Yo. Poznajmy się. Jestem Filip. Mam 36 lat. Z moim najlepszym ziomem Hubertem prowadzę podcast Hammerzeit. Zaraz rozwinę temat, ale najpierw trivia, które może Ci się przydać.
Z GOL-em zacząłem współpracować w marcu 2008 po „łapance” na forum. Oczywiście moim kontaktem był Łosiu (Przemysław Bartula). Od newsów przeszedłem do pisania tekstów, robiłem też przez pewien czas polskie napisy, tłumaczenia i dopasowanie czasowe) do filmików typu „making of”, które do dziś siedzą gdzieś w encyklopedii, a skończyłem na grafikach (do samych tekstów dla GOL-a również wracam, chyba że akurat reanimuję Gameplaya wrzucając tam recenzje). Zaraz minie 13 lat, od kiedy chłopcy przyjęli mnie do swego grona. Jeeeeeju.
Podcast popkulturowy Hammerzeit to dla mnie i dla Huberta najlepszy sposób na uwolnienie nerdostwa, w którym kisimy się od lat. Gadamy ze sobą o wszystkich filmach i serialach, dlaczego więc nie zaprosić obcych ludzi do słuchania tej paplaniny? Doświadczenie zdobyłem w Radiu Koszalin – tam pracował mój tata i to on wprowadził mnie w świat mikrofonów i audycji, gdy miałem zaledwie 8 lat. Współprowadziłem emitowany na żywo konkurs z nagrodami – dzieciaki dzwoniły, odpowiadały na pytania, dostawały klocki. A jak jakieś klocki zostały, dostawałem je ja.

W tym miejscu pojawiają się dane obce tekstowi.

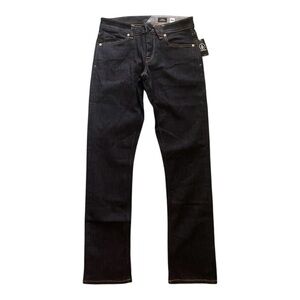 NWT-VOLCOM-MENS VORTA DLIM STRAIGHT JEANS-DARK WASH-SIZE 29/32-MSRP $65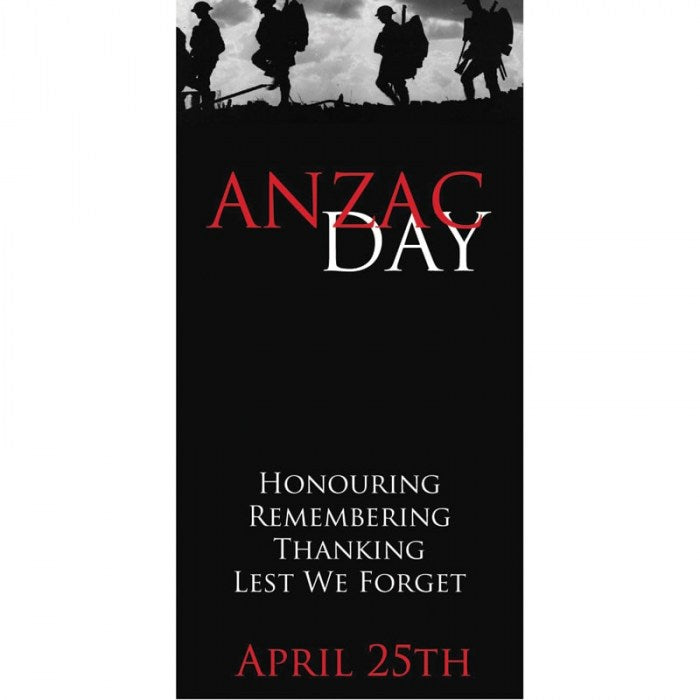 ANZAC Day Flag - Lest We Forget Black with Red
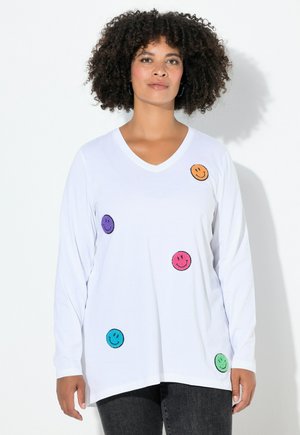 A-LINIE, FROTTEE-SMILEYS, LANGARM - Pitkähihainen paita - snow white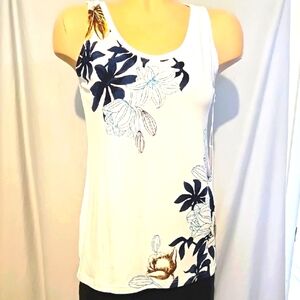 Chico's White Touch Of Cool Tropical Garden Tank Top Sz 00, NEW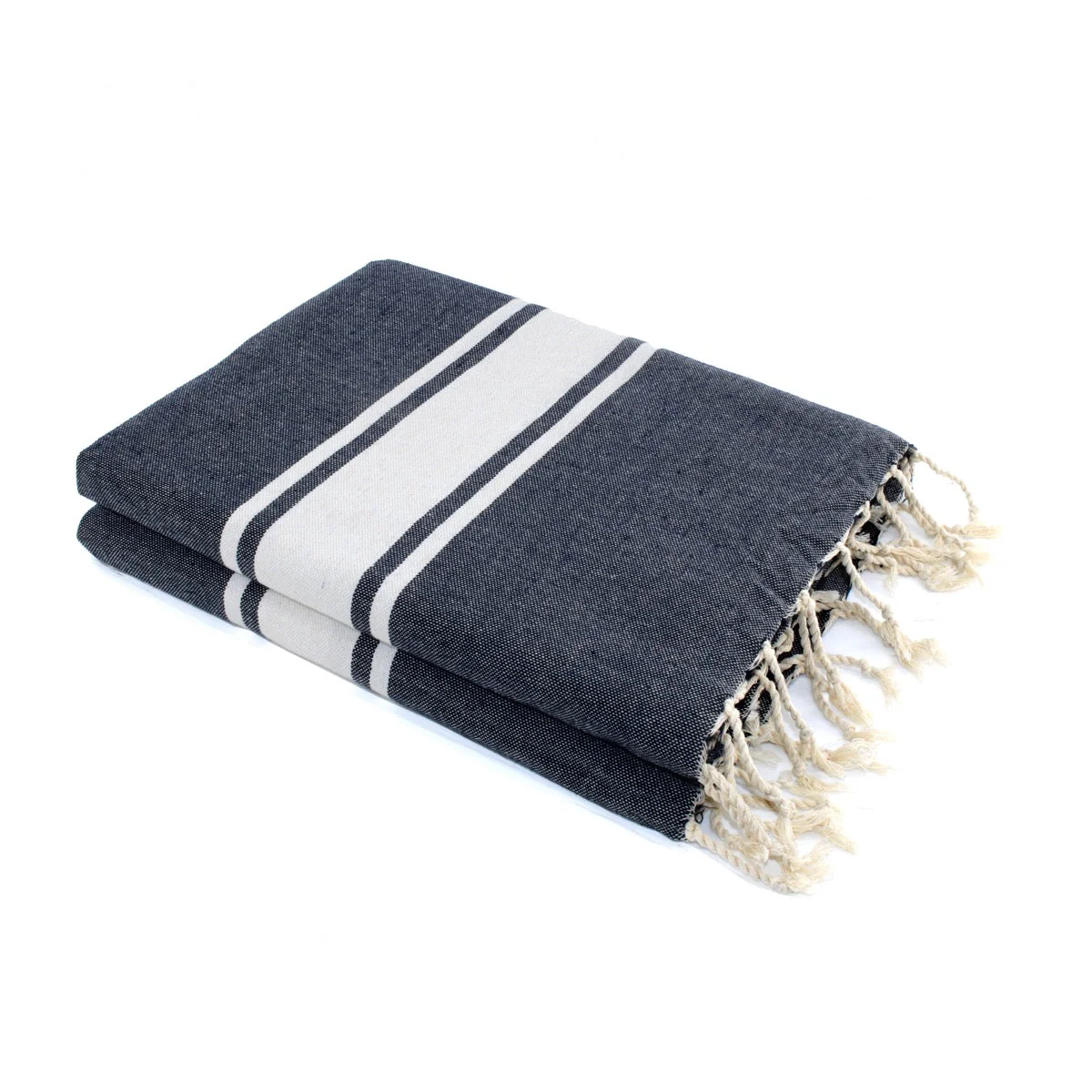 Fouta XXL - Coton - Bleu Jean - St Tropez - Image 4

W liceum poznałem Huberta i od tego czasu robiliśmy razem różnorakie audycje radiowe. W końcu przygoda z rozgłośnią się zakończyła, ale język nadal swędział, więc ostatecznie uzgodniliśmy plan podbicia świata za pomocą podcastu. Wszak ludożerka lubi Gwiezdne wojny, filmy Marvela, wybuchy, seks & przemoc, Keanu Reevesa i seriale dostępne w serwisach VOD. Po nagraniu ponad 160. odcinków Hammerzeitu (i ponad 30. epizodów podcastu gwiezdnowojennego dla serwisu starwars.pl) podbiliśmy jakiś nędzny ułamek eteru, ale te kilkanaście tysięcy słuchaczy to dla nas spory sukces. A że nadal chce nam się gadać o wszystkim, co popkulturowe, to nagrywamy dalej, a ostatnio miewamy coraz fajniejszych gości. Można nas znaleźć wszędzie tam, gdzie się tego spodziewacie, ale najlepiej zajrzeć na oficjalną stronę albo pomarudzić nam na Facebooku.

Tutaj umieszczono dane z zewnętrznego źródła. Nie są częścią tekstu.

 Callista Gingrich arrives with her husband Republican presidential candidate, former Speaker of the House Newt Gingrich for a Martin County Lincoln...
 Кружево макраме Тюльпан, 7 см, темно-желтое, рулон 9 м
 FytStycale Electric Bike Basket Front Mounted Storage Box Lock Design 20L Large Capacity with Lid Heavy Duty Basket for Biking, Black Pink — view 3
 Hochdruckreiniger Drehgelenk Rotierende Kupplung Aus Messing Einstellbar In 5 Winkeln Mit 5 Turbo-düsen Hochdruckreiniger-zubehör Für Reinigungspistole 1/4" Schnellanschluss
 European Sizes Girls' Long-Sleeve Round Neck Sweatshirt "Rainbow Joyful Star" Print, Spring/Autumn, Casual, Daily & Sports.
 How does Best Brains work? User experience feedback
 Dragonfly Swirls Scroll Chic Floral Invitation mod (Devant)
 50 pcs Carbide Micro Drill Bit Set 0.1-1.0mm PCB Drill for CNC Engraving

Podcast to atrakcyjny i aktywny sposób spędzania wolnego czasu. Trochę podobnie jak streamowanie gier wymaga kilku talentów, pewnych cech, ale również odrobiny pieniędzy. Zapytałem Filipa, co trzeba poświęcić, aby zdobyć internety.
Czas – 2 godziny na ok. 2 tygodnie. Niekiedy dłużej, niekiedy krócej – wiedzę popkulturową i talent do lania wody mam wbudowane, więc trzeba tylko spotkać się z Hubertem i gadać. Niektóre odcinki mają np. 40 minut, ale już omówienie ostatnich część Avengers trwało grubo ponad 2 godziny. Odcinki montuje i wrzuca Hubert, więc on spędza nad tym nieco więcej czasu, ja dodatkowo przygotowuję (oczywiście!) grafiki i opisy.

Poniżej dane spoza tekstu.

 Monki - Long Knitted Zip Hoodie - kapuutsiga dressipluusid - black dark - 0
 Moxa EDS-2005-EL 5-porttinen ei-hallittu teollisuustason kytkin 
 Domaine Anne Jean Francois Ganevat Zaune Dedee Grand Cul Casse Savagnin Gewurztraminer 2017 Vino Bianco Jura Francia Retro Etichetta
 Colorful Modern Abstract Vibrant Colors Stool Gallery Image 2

A pieniądze... trzeba było kupić fajne mikrofony i statywy, więc – powiedzmy – 500 zł. Reszta to własne komputery, czas, kasa wydana na bilety do kina, na subskrypcje Netflixa i innych takich. Czyli coś, za co i tak bym płacił albo czego już używam.
500 złotych to wcale nie dużo, bo to wydatek na lata. Oczywiście, jeśli doliczymy wszystkie stałe koszty, które musimy ponosić, aby pozostawać w temacie, robi się już z tego większa sumka. Niemniej to wcale nie pieniądze, a czas jest tu najważniejszą walutą. Gdy zapytałem Filipa, co w zasadzie poświęcanie tej kasy i tego czasu mu daje, odpowiedział:
Często zaczynam jakąś myśl i nie wiem, dokąd mnie ona zaprowadzi. Szybkie myślenie i kojarzenie rozwija, bo w trakcie mówienia wypada dojechać do mety ze swoim wywodem. Poza tym umiejętność ładnego wysławiania się jest zawsze w cenie, warto ją szlifować. I wreszcie mogę gadać o tym, co mnie interesuje, i są tacy, którzy chcą tego słuchać – to bardzo fajna opcja.